While material goods are, in fact, limited so that Hindley and Heathcliff might be considered in competition for an estate, in its true form, love is not. Mr. Earnshaw need not have loved one child more than another. Loving one person generates more love so that there is more love to give. Given the nature of true love, there can be no cause for jealousy.

The passions that run so strongly through Wuthering Heights mean that I could not decide if I would offer it as a bibliotherapy choice for anger, jealousy, possessiveness, envy, or selfishness. My wise friend Aly, when I chatted with her about it, pointed out that all of these difficult emotions stem from fear. 

That makes sense. If we can recognize the truth of interbeing, we need not feel fear or that something can be taken from us.

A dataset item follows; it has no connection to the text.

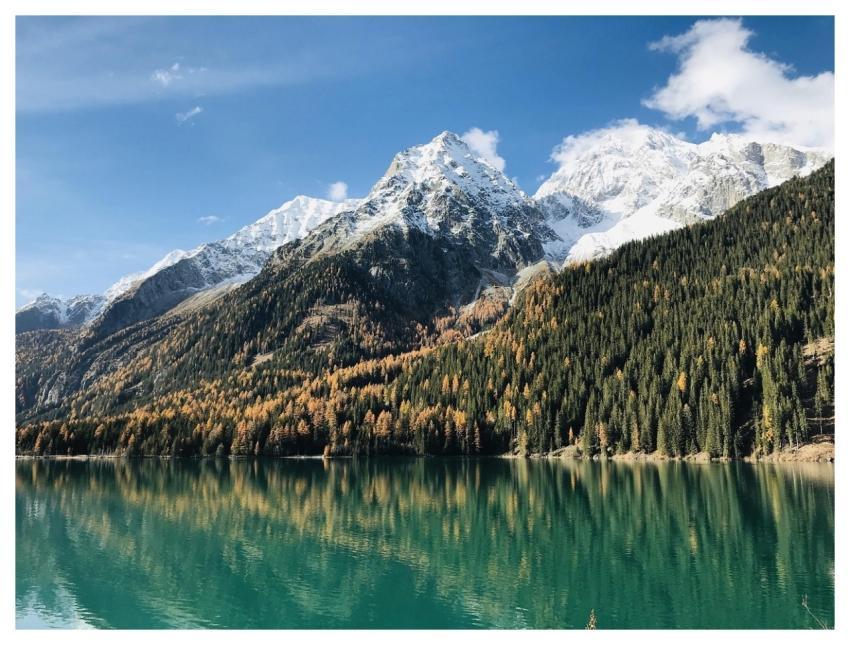 Water Lake Mountains Snow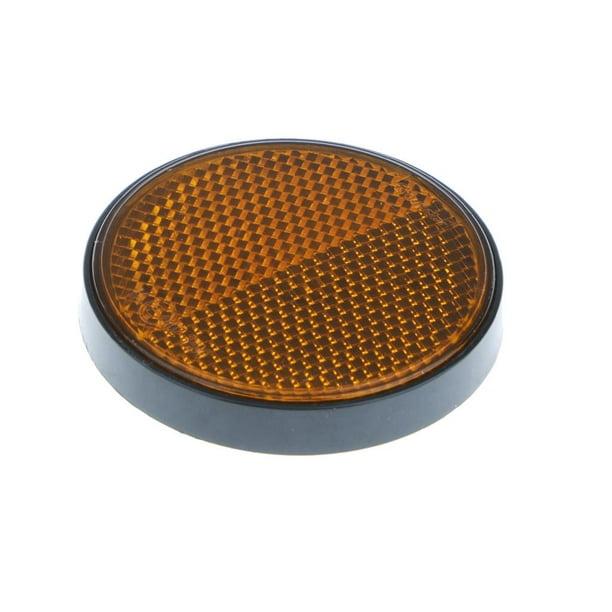 Universal coche bicicleta motocicleta reflector redondo luz tira reflectante-amarillo Cola Tiras del reflector del ciclo del coche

Consider Wuthering Heights a great prescription for a lot of difficult emotions as well as an amazing book everyone should read.

 

Photo provided by Loren  Cutler on Unsplash

2 thoughts on “Jealousy

  1. Jeffrey Hopes says:

    So much of male western literature is steeped in jealousy! Think of all those Renaissance poems or the plots of countless plays and novels. It’s such an omnipresent theme, it’s amazing it doesn’t get more critical attention. The questions that your reading of jealousy in Wuthering Heights raises in my mind Kathryn are: does its literary expression fuel the fire of jealousy, or is it a sort of catharsis, even a therapy? And secondly, do women treat jealousy differently from men? I absolutely agree that Wuthering Heights demonstrates the devastating effects of jealousy rather than basking in the self-pity it can induce!

    • Thanks for your thoughts, Jeffrey! From a bibliotherapy perspective, literature would serve as a catharsis. The novel emphasizes division created by jealousy, but our identification with the characters allows us to empathize and learn.

      Evolutionary psychology would argue jealousy operates differently for women and men. Of course, culture would be important too.